Law Reports: Balancing open justice with fair trial: Regina v Central Criminal Court, ex parte The Telegraph plc and others - Court of Appeal (Criminal Division) (Lord Taylor of Gosforth, Lord Chief Justice, Mr Justice Auld and Mr Justice Curtis), 12 March 1993.
The Court of Appeal gave reasons for varying, on 26 January 1993, an order made by Judge Mitchell QC in the Central Criminal Court on 15 January, postponing publication of parts of the trial of 11 defendants for various offences concerning the importation, manufacture and supply of pounds 7m worth of the Class A drug known as Ecstasy.
The order was varied on an application under section 159(1) of the Criminal Justice Act 1988. Five of the applicants, including The Telegraph plc, Newspaper Publishing plc, British Broadcasting Corporation, and two defendants, Thomas Slater and one simply identified as 'H', complained that the judge's order was too wide and should be narrowed. The other three applicants, defendants 'C', 'M' and 'P', sought to further widen the judge's order.

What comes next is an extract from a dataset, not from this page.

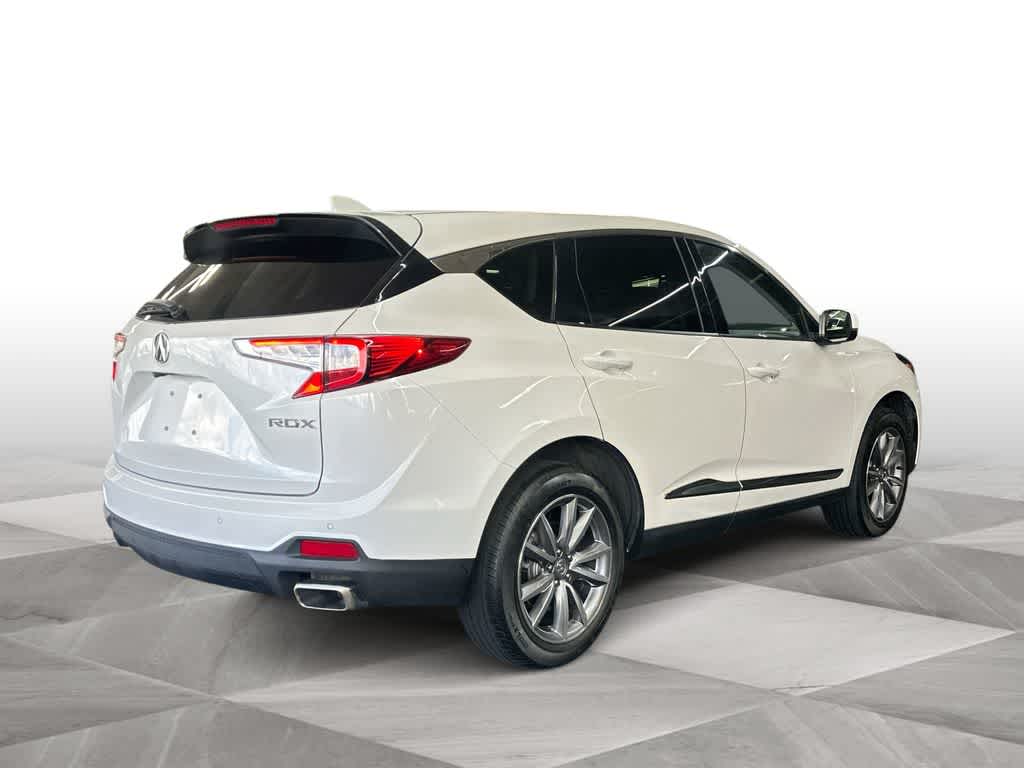2023 Acura RDX w/Technology Package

Under section 4(2) of the 1981 Act, 'the court may, where it appears to be necessary for avoiding a substantial risk of prejudice to the administration of justice in . . . proceedings pending or imminent, order that the publication of any report of . . . any part of the proceedings, be postponed for such period as the court thinks necessary for that purpose.'
The judge considered a single trial of all 11 defendants would be too onerous for a jury. He split the trial into three, and made an order postponing, until after the last trial, any report of: (1) legal submissions, rulings and evidence given in the jury's absence; (2) the names of the four defendants (C, H, M and P) to be tried later, and any material calculated to identify them; (3) the name of the principal Crown witness, and any material calculated to identify him; (4) counsel's closing speeches, the summing-up and any questions by the jury thereafter.
The Court of Appeal deleted restrictions (1), (3) and (4), but indicated as to (1) that the judge should consider any such question as it arose.
Charles Gray QC and Richard Parkes (Simon Olswang & Co) for the Telegraph, Newspaper Publishing and the BBC; Ronald Thwaites QC and Ian Bourne (Goldkorns) for Slater; David Bate (Booth Bennett, Uxbridge) for C; Rudi Fortson (McGrath & Co) for H; Wendy Joseph and Peter Grieves-Smith (Russell Jones & Walker) for M; M G A Massih and Brian O'Neill (Christian Fisher & Co) for P; Andrew Mitchell (CPS) for the Crown.
LORD TAYLOR LCJ, giving the court's reserved reasons, said section 4(2) contained two requirements for the making of a postponement order: first, that publication would create 'a substantial risk of prejudice to the administration of justice'; and second, that postponement of publication 'appears to be necessary for avoiding' that risk.
It was said there was a third requirement, imported from the word 'may' at the beginning of the subsection, namely that the court, in the exercise of its discretion, having regard to the competing interests of ensuring a fair trial and of open justice, considered it appropriate to make an order.
But this discretion was already catered for by the second requirement. In deciding if it was necessary to make the order to avoid a risk of prejudice, the court would inevitably have regard to the competing public considerations of ensuring a fair trial and of open justice.
As to the first requirement, it should be noted that the risk of prejudice must be 'substantial'. The second requirement, the necessity for an order, was a statutory recognition of the principle of open justice.
The judge failed to keep distinct the two main requirements of section 4(2). Having found there would be substantial risk of prejudice, he should have gone on to consider if it was 'necessary' to make an order. Instead, he considered how, but not whether, the risk should be dealt with by an order.